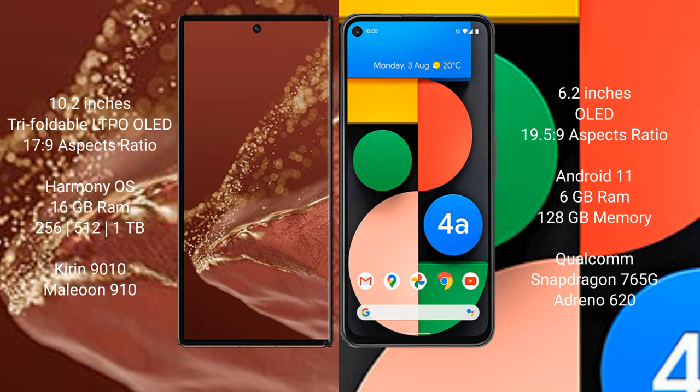Huawei Mate XT Ultimate runs on the Harmony OS operating system. Google Pixel 4a runs on the Android 11 operating system. Huawei Mate XT Ultimate comes with 16GB RAM and 256GB, 512GB, or 1TB internal storage with Kirin 9010 processor and NPU 910.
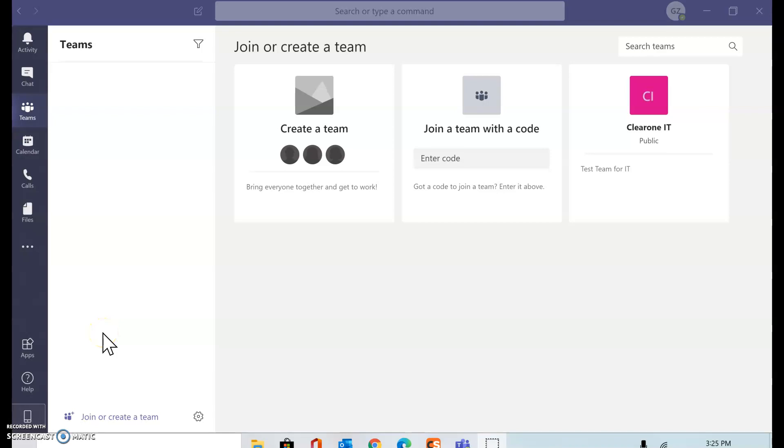Hi, this is Griffiths with you from ClearOne. Today I'm going to demonstrate how to integrate the ClearOne Collaborate Space cloud-based video collaboration application with Microsoft Teams.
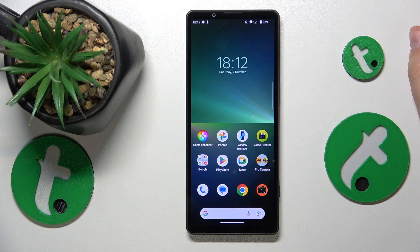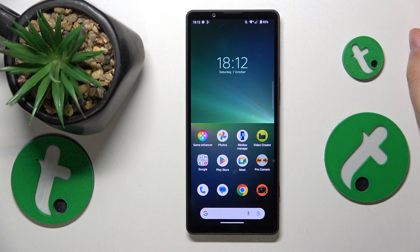This is the Sony Xperia 5 Mark 5, and today I'm going to show how you can check your mobile phone number on this device.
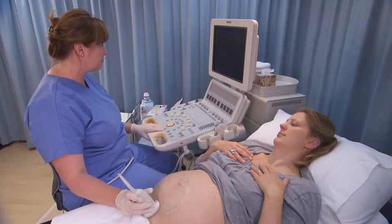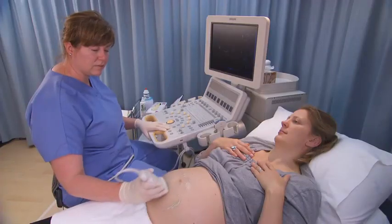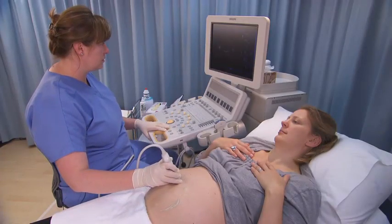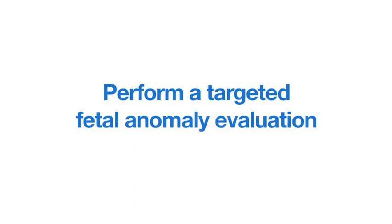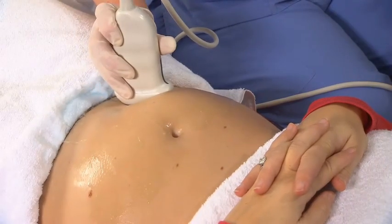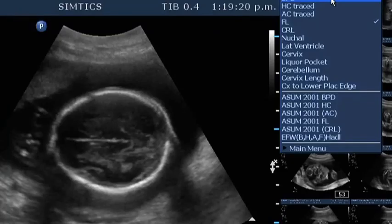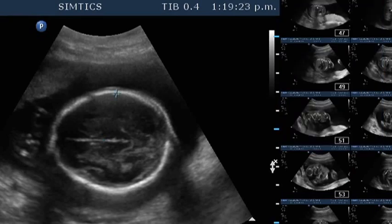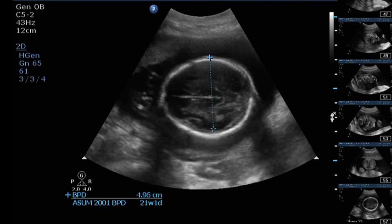The targeted fetal anomaly scan is usually a follow-up scan for a previously identified anomaly, or when a high risk of fetal abnormality has been identified from screening or maternal history. It is assumed that a sonographer performing a targeted fetal anomaly scan knows how to perform a second trimester anatomy scan. This video will show some of the more detailed steps that may also be required.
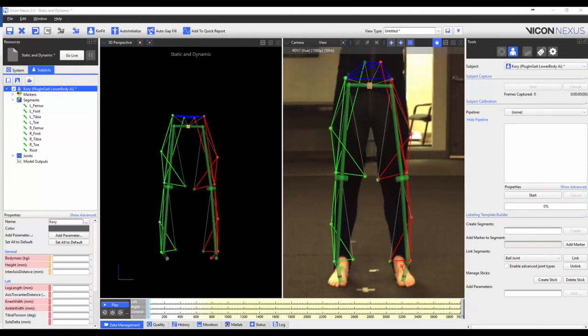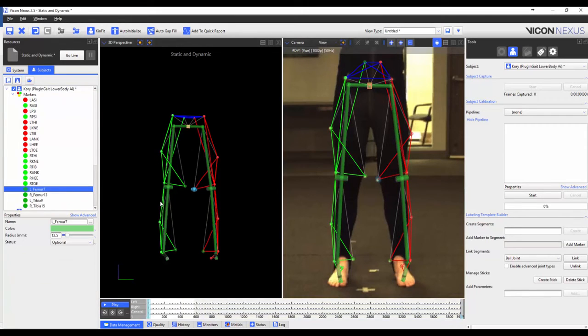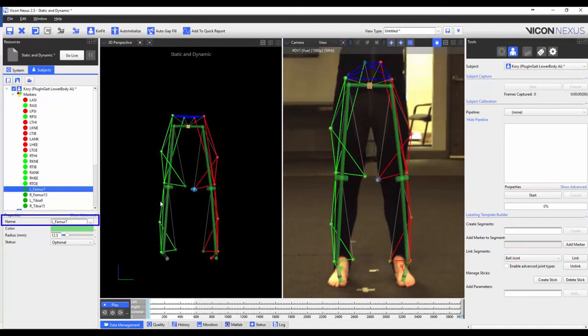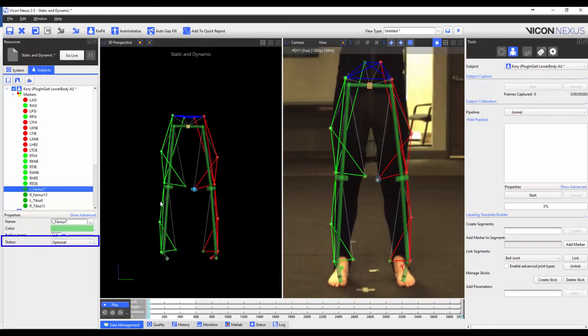Now that I've added the extra markers we can see them in the markers list. I could change the marker properties. This means that I could change the marker names, the color, the radius, or the status. And I could also reorder the marker list.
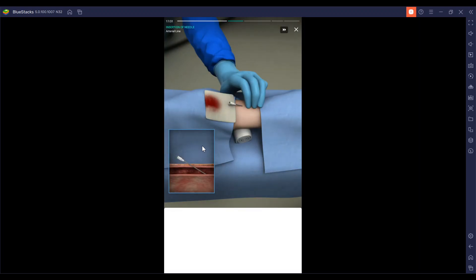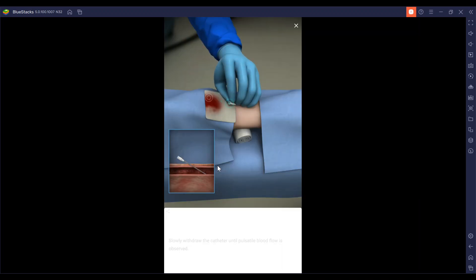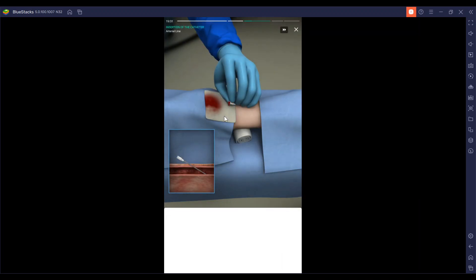We are going to remove that needle. We're going to stabilize the catheter with our non-dominant hand and slowly withdraw the catheter until pulsatile blood flow is seen.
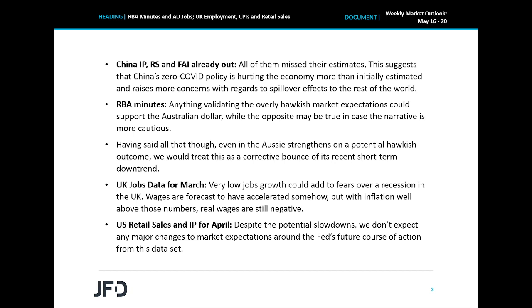Having said that, even if the Aussie strengthens on a potential hawkish outcome, we would treat this as a corrective bounce of its recent short-term downtrend. It seems that the currency is not responding that much to expectations surrounding monetary policy lately, rather than concerns over the global economic performance — and especially the Chinese economy — as China is Australia's main trading partner.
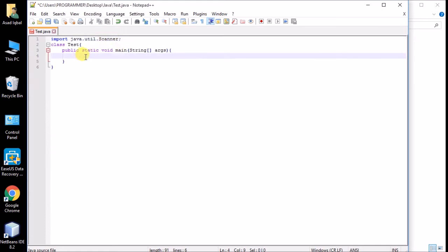Now we make the object of the Scanner class. As I showed in the previous video, the syntax is the same: first the class name, then the object name — you can choose any name. The 'new' keyword is used and Scanner is the constructor. I'll explain constructors in the next tutorial. We pass 'System.in' as the argument, which means it reads input from the user.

■ **REQUIRED WORK**
Please print exactly the lines running from the line with "Having said that, even" through the final line of the material, and nothing more. Keep pictures out.

■ **ANSWER**
Having said that, even if the Aussie strengthens on a potential hawkish outcome, we would treat this as a corrective bounce of its recent short-term downtrend. It seems that the currency is not responding that much to expectations surrounding monetary policy lately, rather than concerns over the global economic performance — and especially the Chinese economy — as China is Australia's main trading partner.
Now we make the object of the Scanner class. As I showed in the previous video, the syntax is the same: first the class name, then the object name — you can choose any name. The 'new' keyword is used and Scanner is the constructor. I'll explain constructors in the next tutorial. We pass 'System.in' as the argument, which means it reads input from the user.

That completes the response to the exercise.